A file name is basically a very long string. In that string, the slash character (/) and the dot character (.) have somewhat special meanings. We think of the things between slashes as folder names, and the final bit after the last slash as the file name. The bit after the last dot is the extension.
In the Dream Folders context, these are just conventions. There is a thing called a file, and it has a name, which is just that very long string. We think of those file name strings as the fundamental name. Internally, are things organized into folders like /Users/ron/Documents? We don’t know. We do know that the name of this file I’m writing is
Now suppose we were looking at a list of all the file names on the whole system, just a flat list. It would be quite long, starting with
/Applications/Alfred.app /Applications/App Cleaner.app /Applications/App Store.app /Applications/Automator.app /Applications/Calculator.app /Applications/Calendar.app /Applications/Chess.app
with this file’s name somewhere in there:
and ending, I don’t know, with
… whatever that is. And there’d be upwards of half a million lines in the list.
We could filter those strings any way we wanted, maybe using regular expressions, because they’re really cool, or perhaps some simplified form of notation. We might find all the “md” files by filtering on
*.md, or, more generally, on
.*\.md$. Probably, assuming I’ve got that right. You know how it goes with regular expressions. If we did, right away we’d have that half a million items cut down to only 1782. If we looked for
.*/index.md$, we’d cut that right down to 1279. Nearly convenient.
If we looked for
.*/018-01ff/.*/index.md$ we’d only find 20, including this article. This would be almost useful, nearly practical.
What if we looked for
/Users/ron/Dropbox/rj-com-db/articles/.*$? That would list all the files in all the folders in my articles section. There’d be a lot. If we sorted the list, we see my sub-folders:
0000-experiments 015-10 015-11 016-0607
And so on. Each one would have one or more files in it but those folder names would repeat in the list.

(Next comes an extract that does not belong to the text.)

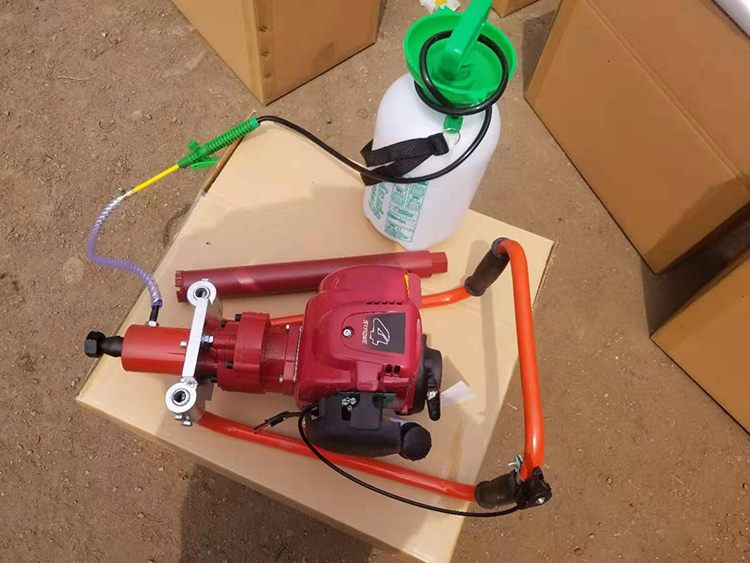 NLQ-45型内(nèi)燃砼枕螺(luo)栓鑽取機(ji)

What about some kind of viewing filters? If we just searched for
018-01ff, there’s a chance that string would show up in more than one place. And in fact it does, because there’s an old copy of my site somewhere else on my hard drive, from the era before I put it all in Dropbox, and when I left it in the old place for backup, until I was sure the Dropbox plan would work. Someday I should delete that, I suppose.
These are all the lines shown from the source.